I don’t want to look away from things that are horrible because they make me want to break inside. I want to look and figure out how to help or how to move forward or what to do.

I don’t want to make excuses about acting or not acting because something is dire or far away or long-term or perpetual. I want to figure out big ways and small ways to do something anyway, even if it ends up being annoying or awkward or right on the edge of hopeless.

I don’t want to reduce lives to numbers and risk-reward ratios and “collateral damage.” I want to believe that helping one person is enough reason to wade into the fray.

I don’t want to forget how to grieve because I believe I might forget how to care at the same time.

Softness is always going to feel like a risk.

Elastics snap. Insulation develops holes. Shock absorbers have their limits.

The shit just keeps coming and keeps coming and there are a million or billion things wrong with our world at any given point. Not to mention the thousand and two things that are roiling around inside of my own soul, threatening to pull me under if I dive in.

I don’t know how to fix most of it. Any of it, at times. I feel helpless more often than I can express.

But I have come to the terrifying and beautiful conclusion that this world is due my softness.
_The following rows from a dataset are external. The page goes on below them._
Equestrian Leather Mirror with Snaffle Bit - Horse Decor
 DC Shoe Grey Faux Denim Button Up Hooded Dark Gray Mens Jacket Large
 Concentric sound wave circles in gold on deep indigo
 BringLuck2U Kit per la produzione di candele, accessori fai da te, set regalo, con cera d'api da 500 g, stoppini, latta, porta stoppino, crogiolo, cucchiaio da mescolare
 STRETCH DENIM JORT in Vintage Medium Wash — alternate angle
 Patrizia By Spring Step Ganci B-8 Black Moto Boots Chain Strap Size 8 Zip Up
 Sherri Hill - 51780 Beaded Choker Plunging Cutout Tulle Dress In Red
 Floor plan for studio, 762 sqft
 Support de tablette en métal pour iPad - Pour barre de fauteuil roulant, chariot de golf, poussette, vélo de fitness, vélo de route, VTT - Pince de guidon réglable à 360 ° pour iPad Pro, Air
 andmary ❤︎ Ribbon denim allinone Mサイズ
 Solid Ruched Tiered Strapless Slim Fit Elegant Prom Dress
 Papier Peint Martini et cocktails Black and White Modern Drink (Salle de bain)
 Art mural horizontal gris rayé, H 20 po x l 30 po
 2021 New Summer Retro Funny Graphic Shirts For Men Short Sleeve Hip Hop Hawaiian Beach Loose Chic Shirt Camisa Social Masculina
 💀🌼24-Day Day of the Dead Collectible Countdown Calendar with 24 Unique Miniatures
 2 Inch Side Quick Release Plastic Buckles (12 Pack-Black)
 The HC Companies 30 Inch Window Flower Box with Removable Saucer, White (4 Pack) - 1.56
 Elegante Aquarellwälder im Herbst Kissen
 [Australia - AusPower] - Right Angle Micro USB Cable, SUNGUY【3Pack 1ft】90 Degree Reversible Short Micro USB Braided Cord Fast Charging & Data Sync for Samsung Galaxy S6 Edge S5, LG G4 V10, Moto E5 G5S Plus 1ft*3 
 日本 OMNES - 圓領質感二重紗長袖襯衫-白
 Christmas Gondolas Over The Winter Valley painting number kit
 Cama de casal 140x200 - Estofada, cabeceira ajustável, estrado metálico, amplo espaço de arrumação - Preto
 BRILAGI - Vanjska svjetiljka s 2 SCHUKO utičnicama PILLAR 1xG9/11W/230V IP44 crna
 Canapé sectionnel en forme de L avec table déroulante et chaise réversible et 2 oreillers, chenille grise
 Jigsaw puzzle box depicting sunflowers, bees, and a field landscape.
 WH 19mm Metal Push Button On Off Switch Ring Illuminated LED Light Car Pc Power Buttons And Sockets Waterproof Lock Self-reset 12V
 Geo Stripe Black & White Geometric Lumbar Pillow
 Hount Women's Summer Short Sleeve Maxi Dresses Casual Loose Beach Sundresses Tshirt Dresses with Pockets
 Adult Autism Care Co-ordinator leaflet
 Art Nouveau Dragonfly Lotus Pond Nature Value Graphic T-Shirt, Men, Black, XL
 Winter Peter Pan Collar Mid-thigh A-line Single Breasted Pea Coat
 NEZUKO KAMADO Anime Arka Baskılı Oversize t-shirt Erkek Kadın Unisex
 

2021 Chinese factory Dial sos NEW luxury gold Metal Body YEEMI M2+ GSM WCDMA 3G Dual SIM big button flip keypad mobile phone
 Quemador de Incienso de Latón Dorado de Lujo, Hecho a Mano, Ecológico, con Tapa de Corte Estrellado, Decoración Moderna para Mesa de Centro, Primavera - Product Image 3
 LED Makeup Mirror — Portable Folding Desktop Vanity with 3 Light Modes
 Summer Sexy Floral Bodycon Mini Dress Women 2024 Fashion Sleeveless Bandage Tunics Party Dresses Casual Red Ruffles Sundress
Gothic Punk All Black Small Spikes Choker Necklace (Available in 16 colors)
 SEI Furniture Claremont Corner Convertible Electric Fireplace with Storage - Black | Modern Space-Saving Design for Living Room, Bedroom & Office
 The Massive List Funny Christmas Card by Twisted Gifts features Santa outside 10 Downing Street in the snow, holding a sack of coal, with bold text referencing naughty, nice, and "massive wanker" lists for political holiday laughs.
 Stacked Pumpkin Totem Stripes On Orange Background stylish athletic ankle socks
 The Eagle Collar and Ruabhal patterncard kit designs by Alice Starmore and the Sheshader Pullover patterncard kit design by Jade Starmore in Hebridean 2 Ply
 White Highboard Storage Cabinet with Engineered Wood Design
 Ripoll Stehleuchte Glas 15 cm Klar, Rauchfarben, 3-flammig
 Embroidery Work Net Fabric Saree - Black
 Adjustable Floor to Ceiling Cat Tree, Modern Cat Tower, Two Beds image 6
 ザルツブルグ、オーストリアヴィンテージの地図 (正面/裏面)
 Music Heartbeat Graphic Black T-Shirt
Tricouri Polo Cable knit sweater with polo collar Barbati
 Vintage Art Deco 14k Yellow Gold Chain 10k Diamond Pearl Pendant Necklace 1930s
And that’s what it will get until I’m gone.

8 Responses to “soft.”

  1. Heather Says:

    My softness is my vulnerability. Painstakingly, I let myself soften, let my weaknesses abound, and relish the moment in which I get to be imperfect. But it is so hard. There are so many things that make me want to run into the woods and hide in my naivety, but you are absolutely right. Maybe it is time to see how much softness I can put out there. It is scary, though, Meg. Thank you for your elegant words and quiet motivation.

  2. iTex Says:

    The sword or shield that is too hard will shatter…

  3. barbie2be Says:

    meg, i have awarded you the “thinking blogger award” over here… at my blog.

  4. Ashley Says:

    It’s nice to have you “back,” Meg.

  5. Marjorie Says:

    This…made me weep a little bit. At work. The softness of it is, indeed, devastatingly powerful.

  6. Stacy Says:

    I’m finding through first hand experience that we can grieve and care at the same time. We can be soft and vulnerable, yet get through this all at once. I have found though, that I can’t do it on my own. I have to have help. Help from God, help from my husband, help from my friends and help from my family. I never want to harden myself to the point where I can’t feel anything. I have always been a soft, sensitive soul but I have recently also discovered that I have a strength I did not know existed within me. Because I am still sensitive and soft deep inside, I know that God will use this time to help me help someone else. And, if it is just one person that I can help, it will be worth the trial.

    Thanks for your words, Meg. They touched me at a time I needed them the most.

  7. Lauralea Says:

    I totally advocate softness. I truly believe that there is more strength is softness than hardness; and I continue to tell my kids that they NEED to keep forgiving and being soft in spite of the vulnerability it brings. One can harden oneself and develop callouses, which WILL protect the heart from pain and hurt- but those same callouses turn on you in the end, and other, better feelings like joy and hope and peace will be hardened and harder to feel too.

    Well articulated, Meg. Beautifully said.

  8. david Says:

    Men are brought up from a place that is hardened, and women from a place that is softened. The rest of life is learning to meet in the middle somewhere….learning that either end of the spectrum is a difficult place in which to try to survive without isolating ourselves. At this moment in time, what we need is more softness, a lot more. A worry I think we all face though is that the softness can become fragility. The hardening in our lives due to events can transform the softness into fragility. A soft metal that is hardened too quickly can shatter whereas a softer metal might take the stress (there’s that hardened analytical engineer within me talking again).

    Thanks Meg. As usual.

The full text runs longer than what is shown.